**PROVIDED MATERIAL:**
# # # # # # #

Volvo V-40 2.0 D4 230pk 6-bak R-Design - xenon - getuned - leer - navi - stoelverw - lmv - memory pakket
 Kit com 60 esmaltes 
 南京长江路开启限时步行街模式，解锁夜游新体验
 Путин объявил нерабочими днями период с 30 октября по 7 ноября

# # # # # # #

**DIRECTIONS FOR THIS TASK:**
The lines to reproduce run from the one containing "南京长江路开启限时步行街模式，解锁夜游新体验" to the last line of the listing; print them exactly, including both ends.

**SOLUTION FOR THIS EXERCISE:**
 南京长江路开启限时步行街模式，解锁夜游新体验
 Путин объявил нерабочими днями период с 30 октября по 7 ноября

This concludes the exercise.